Who knew that furniture could matter so much?

In an effort to foster a sense of community, in 2009 the university installed brightly colored tables and chairs within Harvard Yard and the Radcliffe Quad. It seems to be a success. According to an article by Billy Baker in the Boston Globe:

When they first arrived a few years ago as an experiment in changing Harvard Yard as a public space, one of the first things people pointed out was how they did not look very Harvard.

There were a couple hundred of them in lollipop-colored aluminum – yellow and orange and red and neon green – light and untethered, available for whatever. They appeared after a committee charged with improving the social spaces on campus thought one way to soften the feel of the Yard was to introduce a very simple tool: the chair.

Technically if you only do it at Harvard that makes it, by definition, a “very Harvard” look, but whatever. According to the article,

“People felt that there was no invitation to linger at Harvard Yard, and the message of the structures was just ‘Head along the walkways to your destination,’ ’’ said Harvard’s president, Drew Faust. “They were meant to say that Harvard Yard isn’t a place you have to rush through.’’

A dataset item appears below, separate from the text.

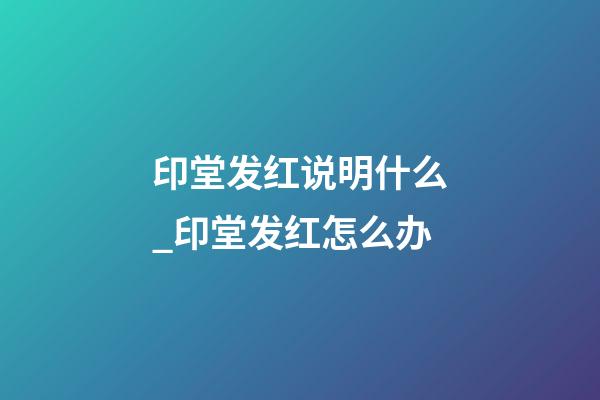 印堂发红说明什么_印堂发红怎么办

There’s no indication that the on-campus time of the average student has increased much since the introduction of the chairs three years ago but Faust, at least, seems pretty impressed

The chairs were apparently inspired by those in the Jardin du Luxembourg in Paris Faust claims to sit in her school’s chairs regularly. She “likes eavesdropping, likes listening to whatever connection is happening.”

Tourists and visitors are apparently also fans of the outdoor furniture. According to the article, they view them as “places to sit with the students, to interact and ask questions, and sometimes just stare at them as if they are parts of the scenery.”